WHAT YOU WILL DO:
In the data below, find the line containing "Merida Bell online", then set down that line and every later line up to and including the line containing "29.06.2025 - hella", exactly.

AVAILABLE RECORDS:
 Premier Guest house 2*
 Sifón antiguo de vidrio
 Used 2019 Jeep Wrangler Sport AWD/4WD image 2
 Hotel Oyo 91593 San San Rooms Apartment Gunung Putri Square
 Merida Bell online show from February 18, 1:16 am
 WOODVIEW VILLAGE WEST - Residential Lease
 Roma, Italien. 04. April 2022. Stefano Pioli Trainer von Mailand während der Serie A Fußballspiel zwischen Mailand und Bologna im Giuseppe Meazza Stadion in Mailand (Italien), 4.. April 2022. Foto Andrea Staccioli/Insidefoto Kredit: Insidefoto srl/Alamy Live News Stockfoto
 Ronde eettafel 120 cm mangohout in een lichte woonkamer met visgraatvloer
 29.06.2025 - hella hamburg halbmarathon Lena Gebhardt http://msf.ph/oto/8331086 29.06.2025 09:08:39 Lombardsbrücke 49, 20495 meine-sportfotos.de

---

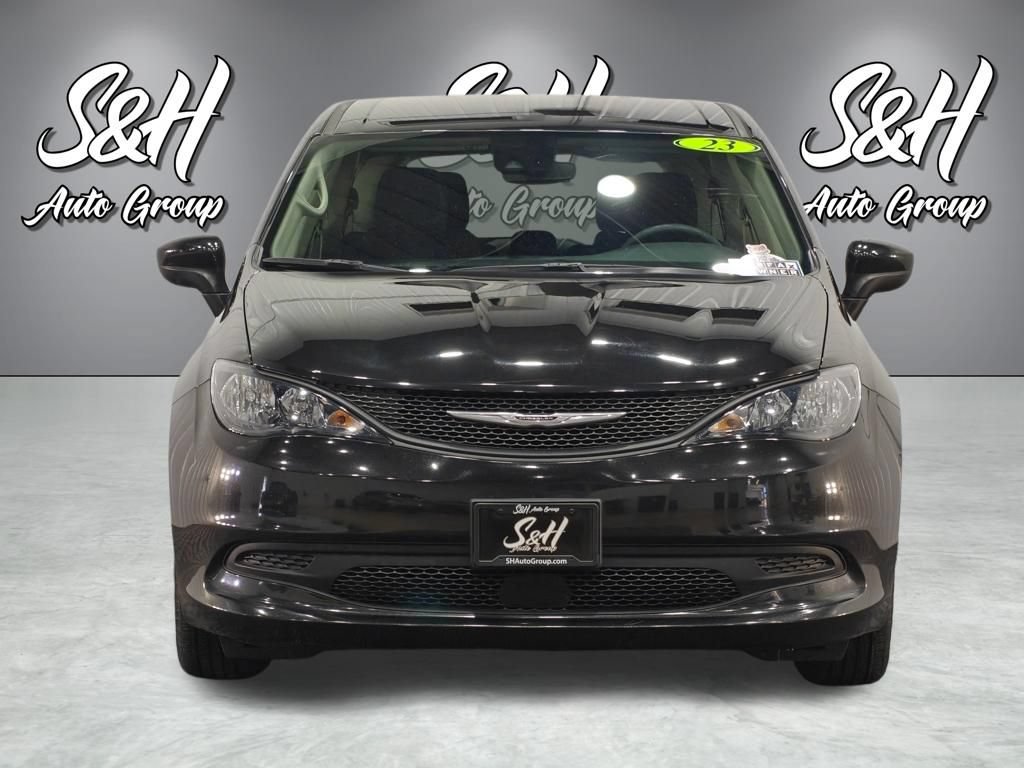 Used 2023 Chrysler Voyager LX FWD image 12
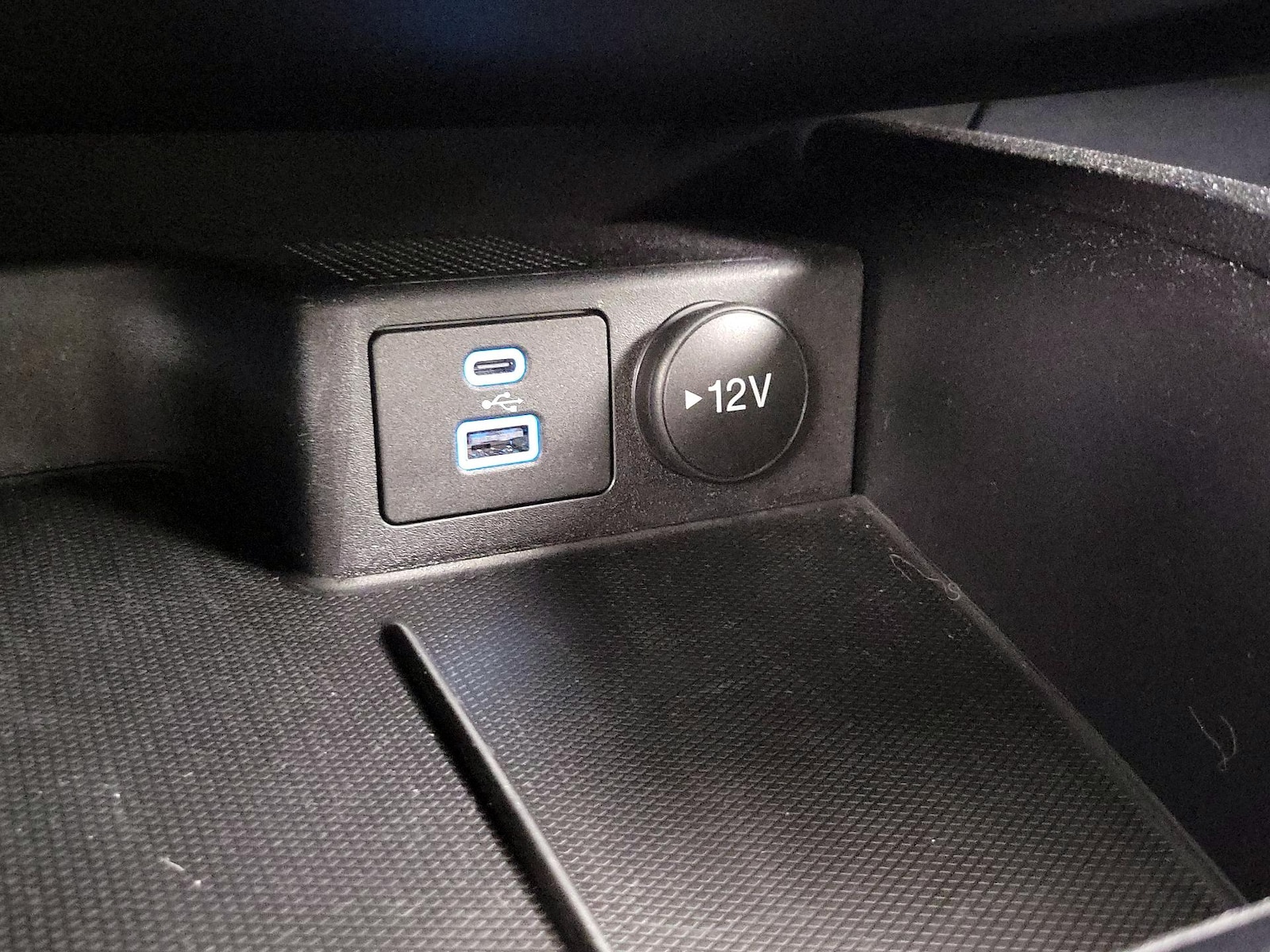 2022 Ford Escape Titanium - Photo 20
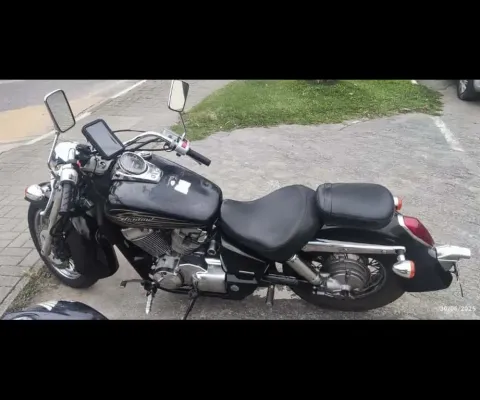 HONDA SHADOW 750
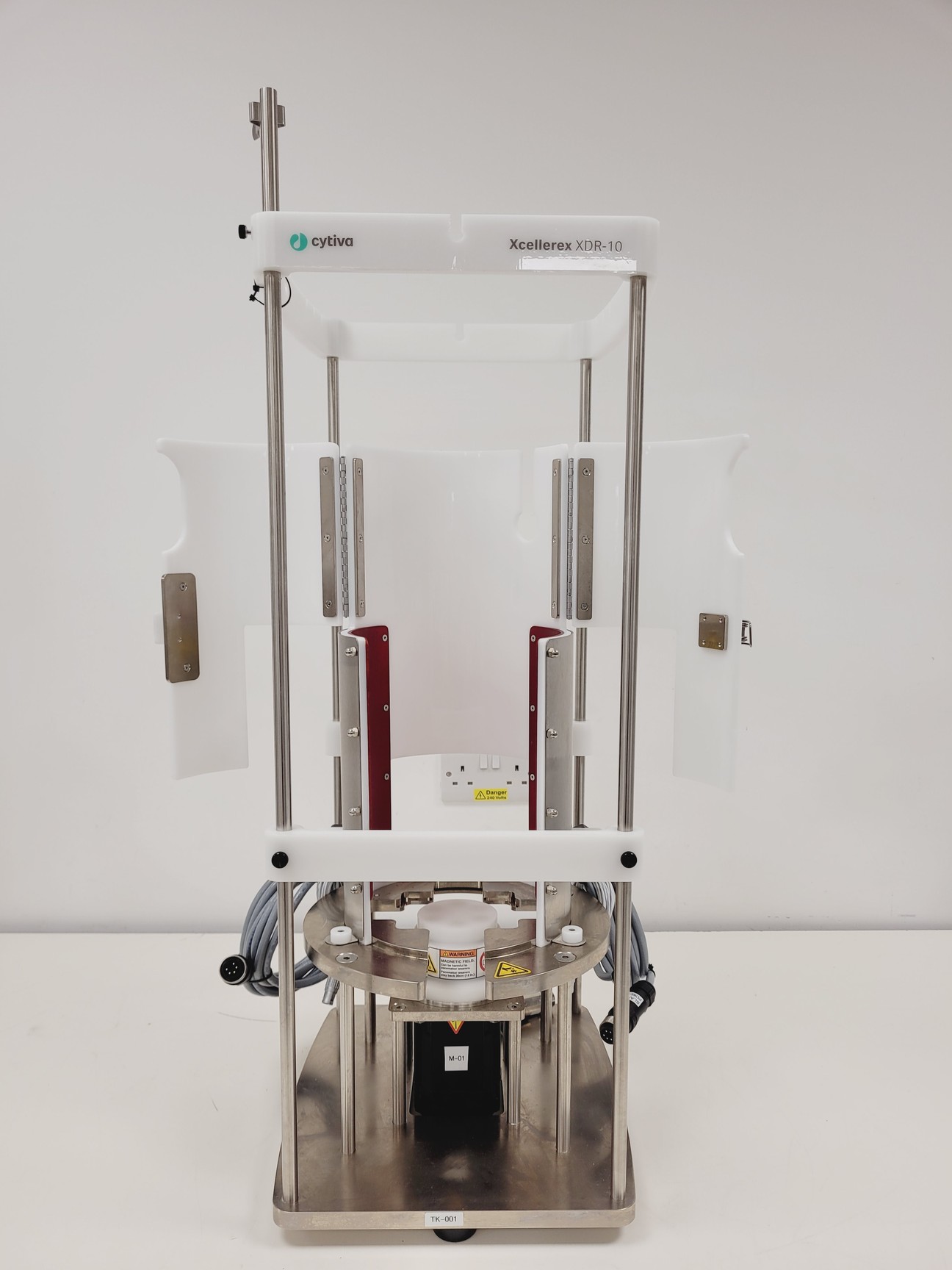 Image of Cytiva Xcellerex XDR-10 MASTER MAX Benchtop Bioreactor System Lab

==

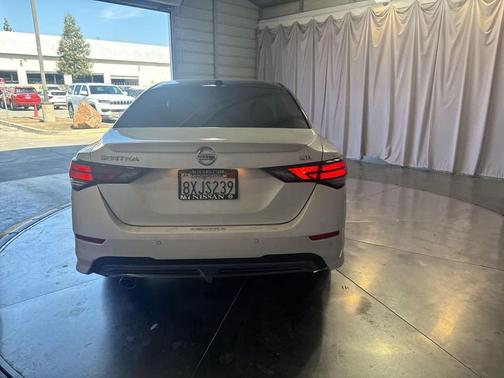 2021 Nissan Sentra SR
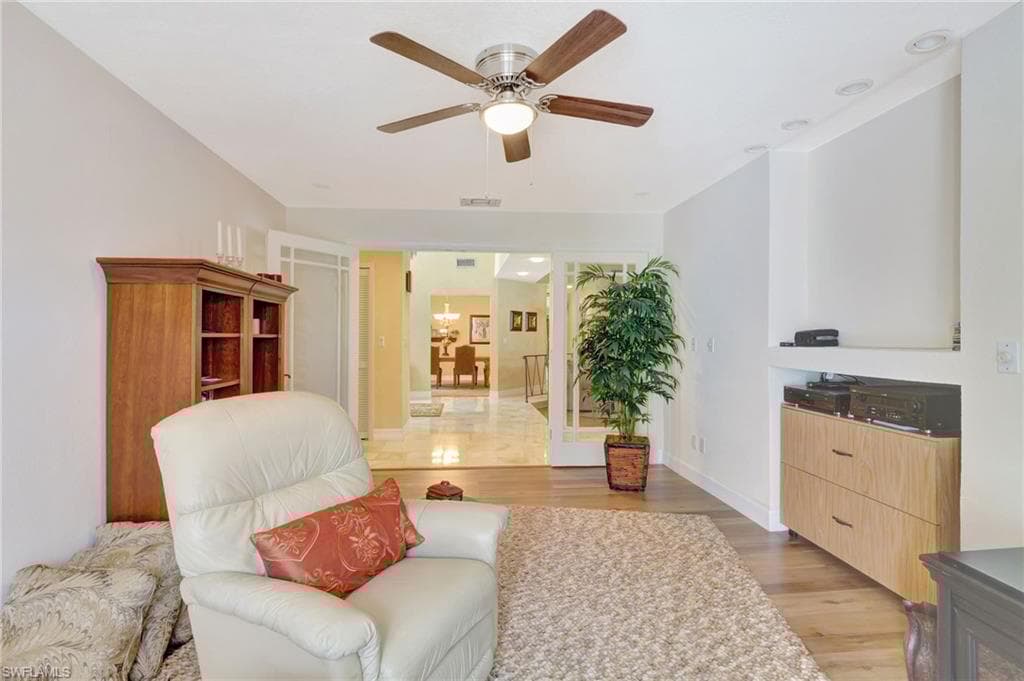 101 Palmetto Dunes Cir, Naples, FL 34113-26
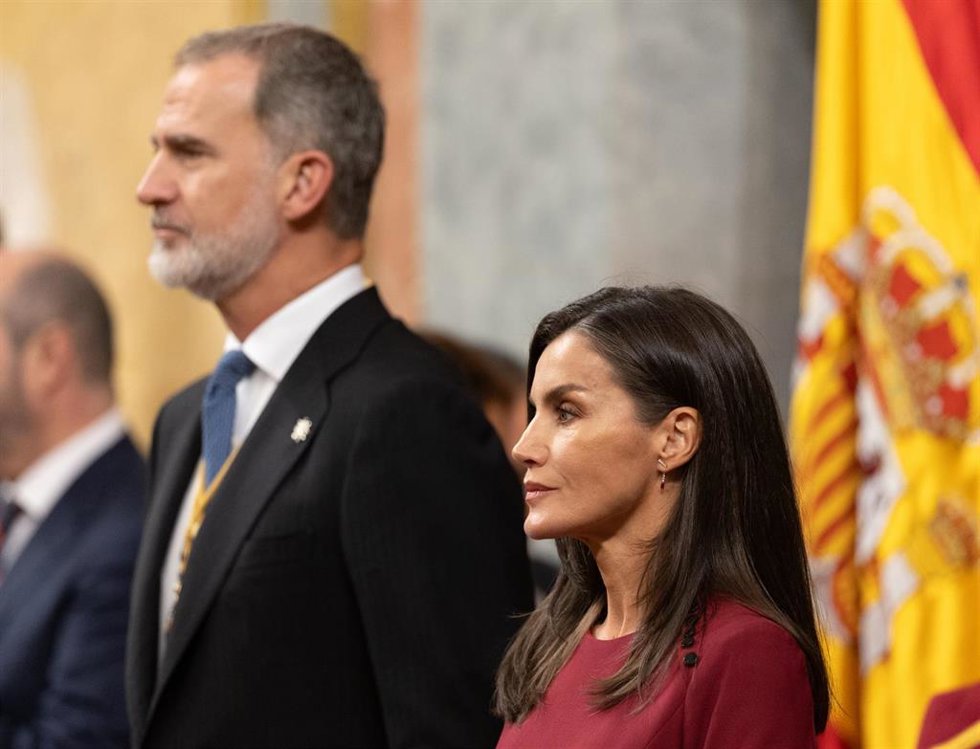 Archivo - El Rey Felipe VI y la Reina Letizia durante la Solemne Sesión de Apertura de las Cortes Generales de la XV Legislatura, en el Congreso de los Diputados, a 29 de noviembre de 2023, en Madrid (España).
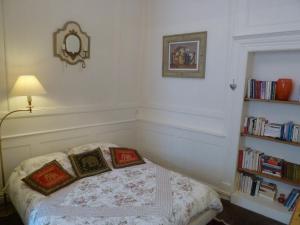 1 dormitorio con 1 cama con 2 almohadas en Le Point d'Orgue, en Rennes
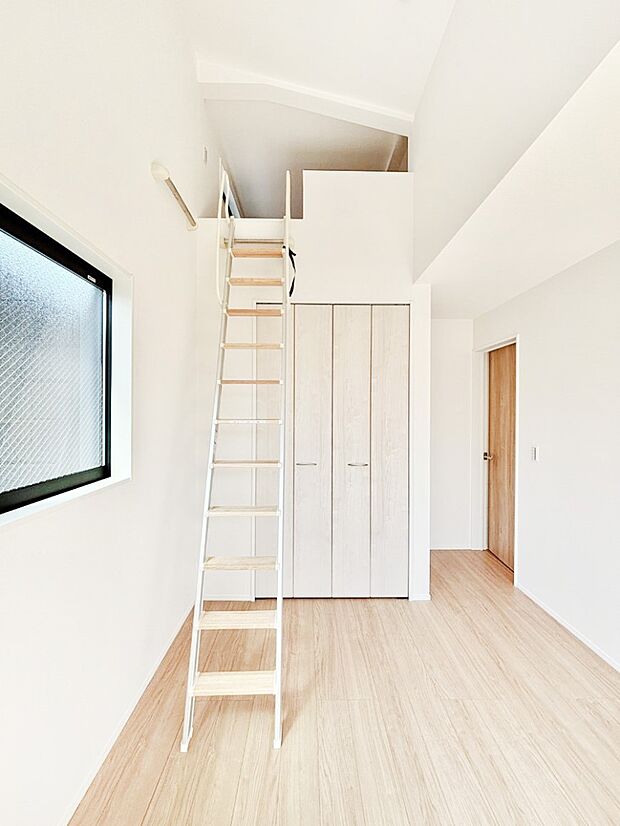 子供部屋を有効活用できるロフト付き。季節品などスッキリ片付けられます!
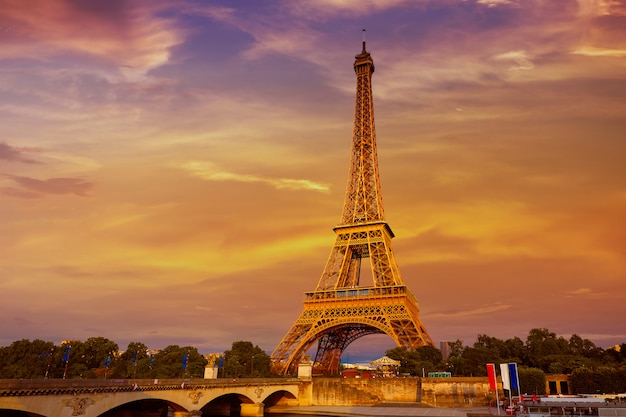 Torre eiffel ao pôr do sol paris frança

ANSWER FOR THE TASK:
 Merida Bell online show from February 18, 1:16 am
 WOODVIEW VILLAGE WEST - Residential Lease
 Roma, Italien. 04. April 2022. Stefano Pioli Trainer von Mailand während der Serie A Fußballspiel zwischen Mailand und Bologna im Giuseppe Meazza Stadion in Mailand (Italien), 4.. April 2022. Foto Andrea Staccioli/Insidefoto Kredit: Insidefoto srl/Alamy Live News Stockfoto
 Ronde eettafel 120 cm mangohout in een lichte woonkamer met visgraatvloer
 29.06.2025 - hella hamburg halbmarathon Lena Gebhardt http://msf.ph/oto/8331086 29.06.2025 09:08:39 Lombardsbrücke 49, 20495 meine-sportfotos.de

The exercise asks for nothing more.